Le pire, c'est qu'on avait plus du tout d'eau et que la déshydratation commençait à se sentir. La descente a été très longue. On était au camp de base vers 14h et on était heureux de pouvoir boire presque à volonté. A ce moment-là, j'avais pitié pour les gens qui arrivaient à peine au sommet, et qui avaient encore tout à redescendre, alors que moi j'étais déjà au camp de base.
J'ai préparé mes affaires et nous nous sommes séparés avec mon compagnon, car il voulait se reposer au camp de base, et pour ma part je préférais redescendre rapidement pour pouvoir boire et manger à volonté.

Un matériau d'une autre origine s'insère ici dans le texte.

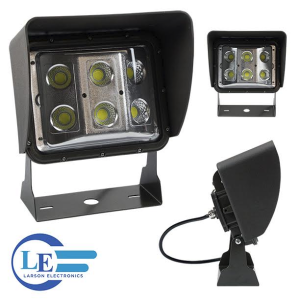 The LEDWP-600E LED wall pack light from Larson Electronics offers high light output from a compact form factor.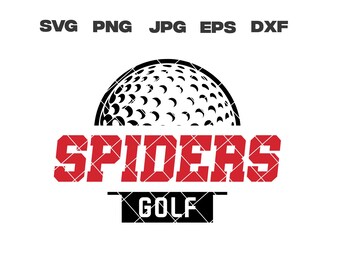 Spiders SVG, Spiders Golf SVG, Golf svg, png, jpg, dxf, eps, Cricut Files, Digital, Clip Art, Sublimation, Vector, Instant Download
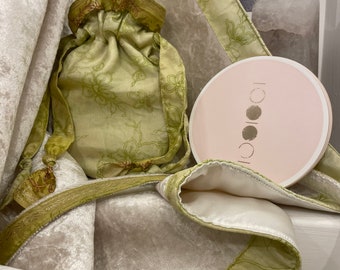 Named “ Dryad “  silk pouch and cloth set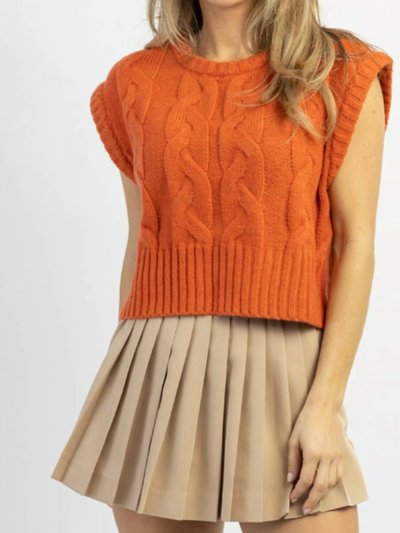 LE LIS Aperol Cable Sweater Tank product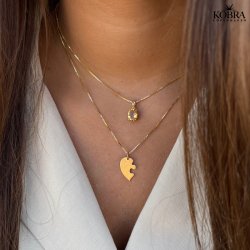 "Friends forever"  Friend necklace with heart in gold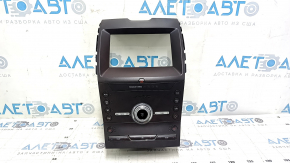 Ford Edge 19-24 Sync 3 radio and climate control panel, auto, dual zone, with heated seats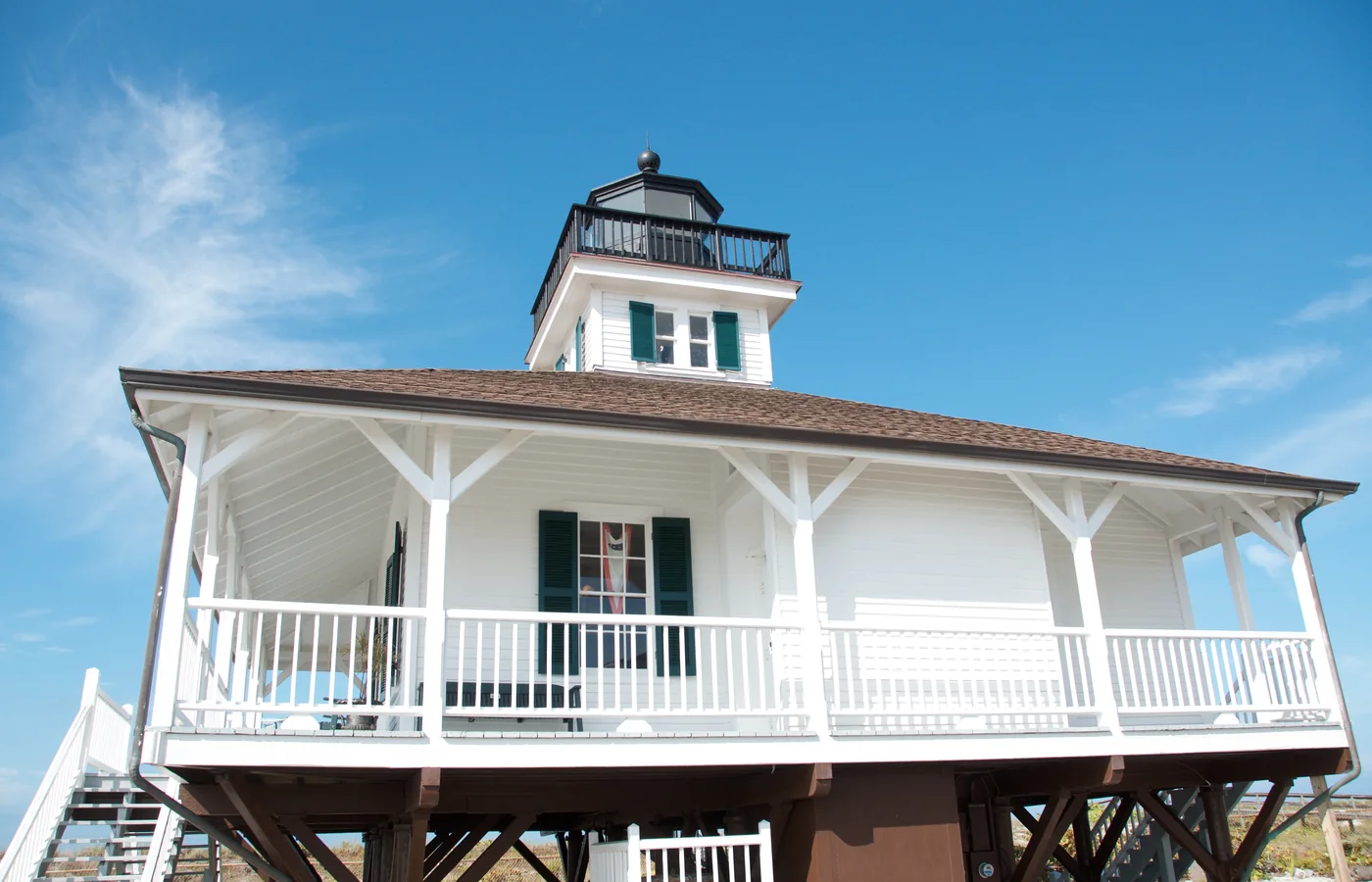 The Port Boca Grande light station at the deep pass of Gasparilla Island, Florida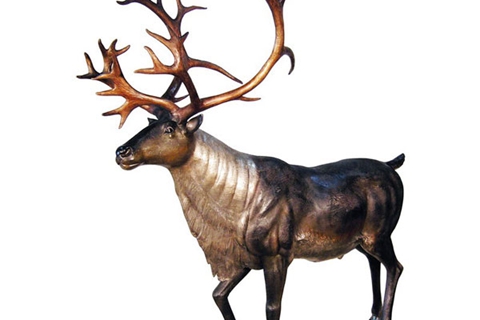 Outdoor Life-size Bronze Reindeer Statue Decor for Sale BOKK-288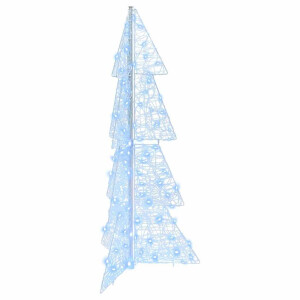 vidaXL Kerstboom met 100 LED Koud Wit 120 cm Acryl
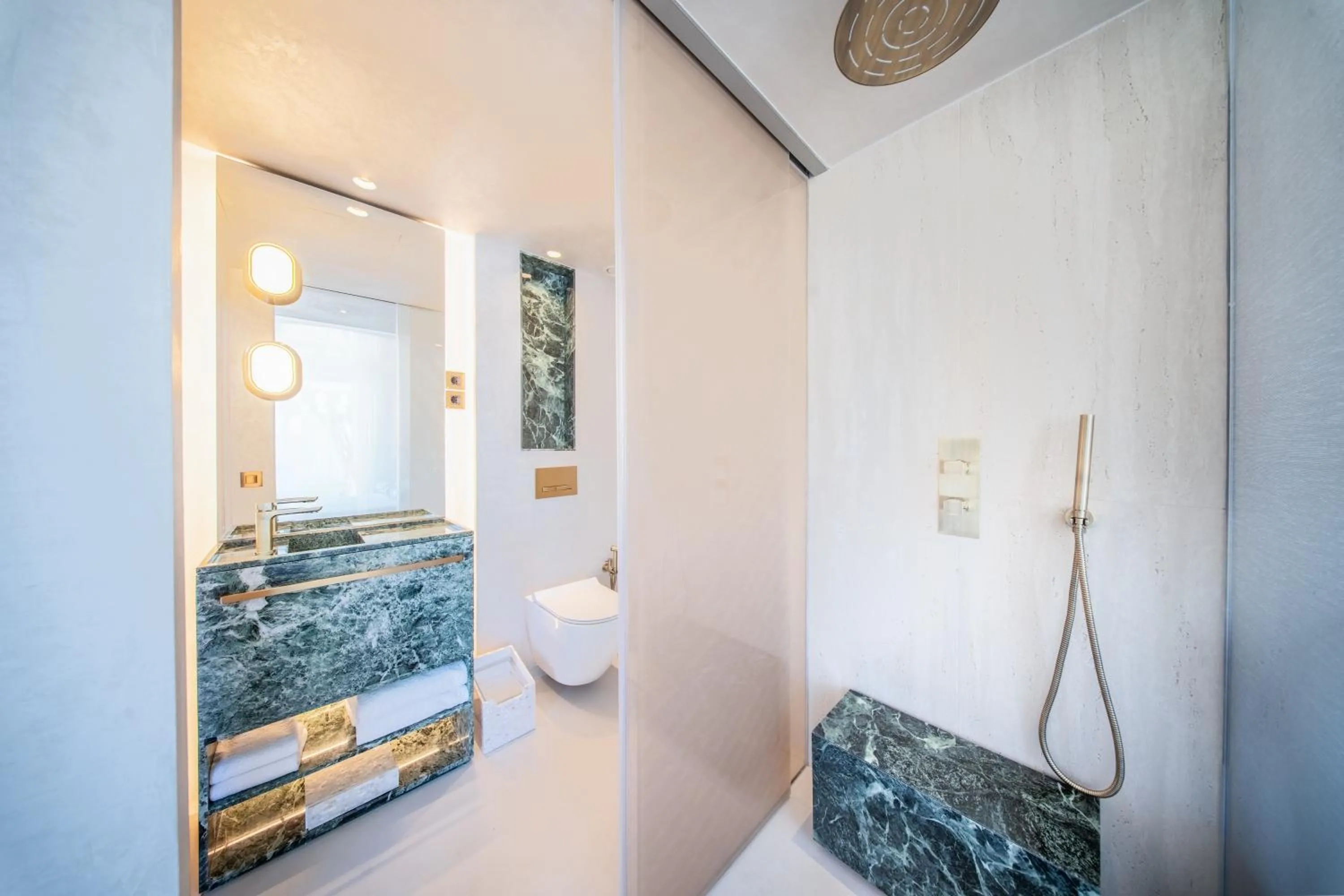 Bathroom in Destino Five Ibiza - 5-Star Grand Luxe Resort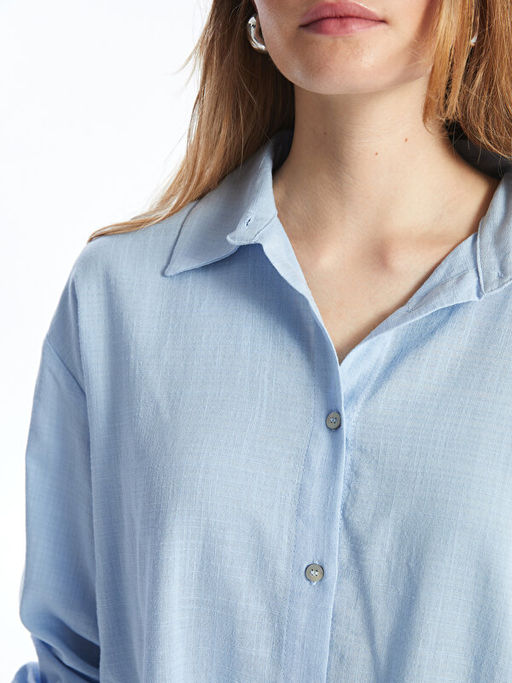 D?z Uzun Kollu Oversize Kad?n G?mlek - Waikiki фото 3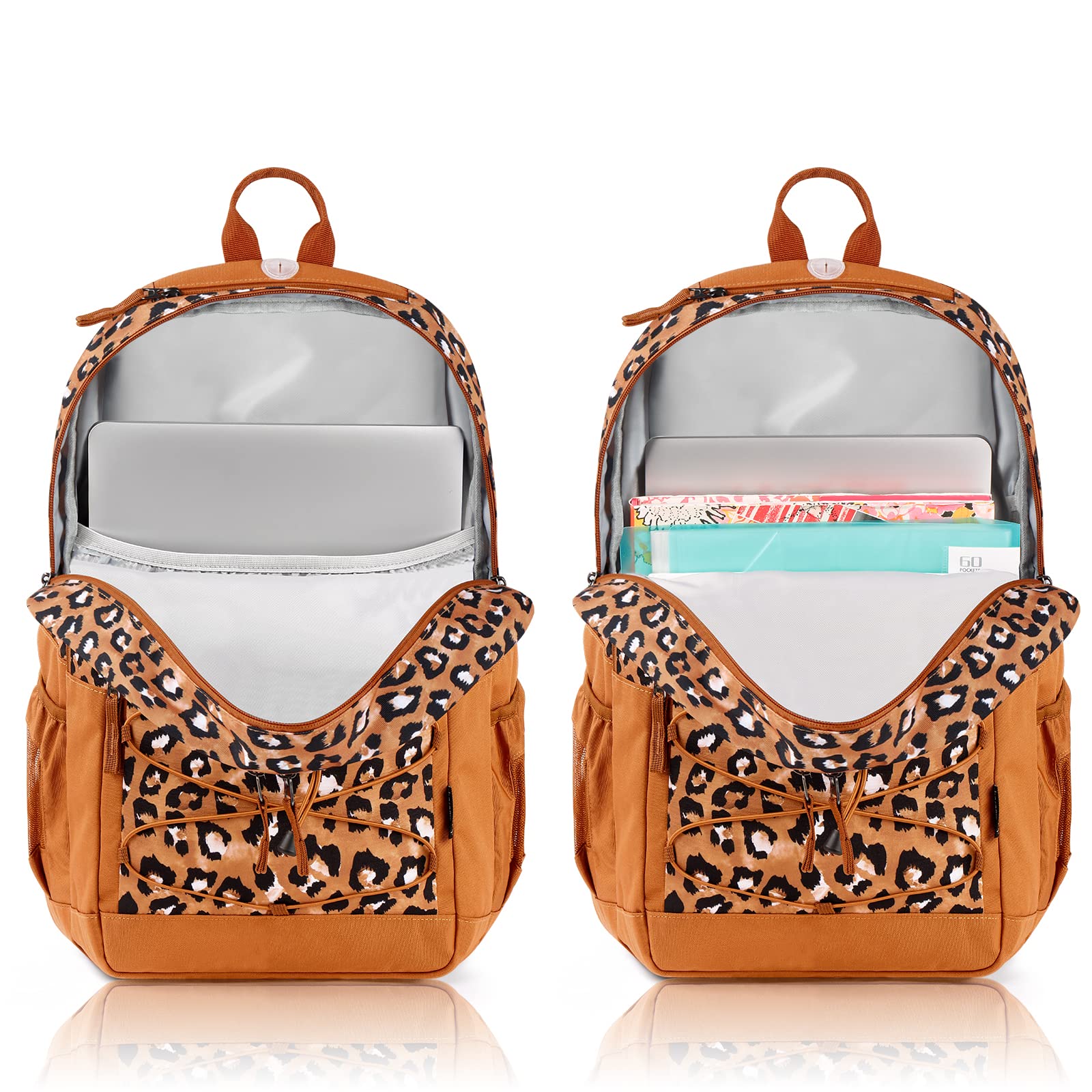 Leopard Brown Backpack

Vers le début de soirée, je suis arrivée au village de Chukung et quand j'ai voulu rendre le matériel à Sunrise Shop, la personne a été très malhonnête avec moi, en me demandant ledouble du prix qui était convenu initialement. Je voulais payer déjà avant de partir, car je savais pour combien de temps j'en avais mais il avait refusé, et il avait refusé de m'écrire une facture en me disant qu'il se souviendrait de tout. Et là, surprise, je dois payer double de ce qui était convenu, j'étais verte de colère. Je veux bien payer plus cher, mais si c'est clair et convenu dès le départ. C'est un trait dont il faut vraiment se méfier avec les népalais. Dans ces vallées, chacun, ou la plupart, rêve de vous arnaquer et de vous faire passer pour un con. Malheureusement ils étaient plusieurs et j'étais seule donc c'était difficile de défendre la vérité...
Après cet épisode très désagréable, je savais quand même qu'il n'y avait que du bonheur qui m'attendait. Plusieurs bol de "Sherpani soup" et un lodge "bien isolé" (par rapport au camp de base où le vent souffle tout le temps).
Le lendemain je poursuivrai ma route vers Kongma La pass.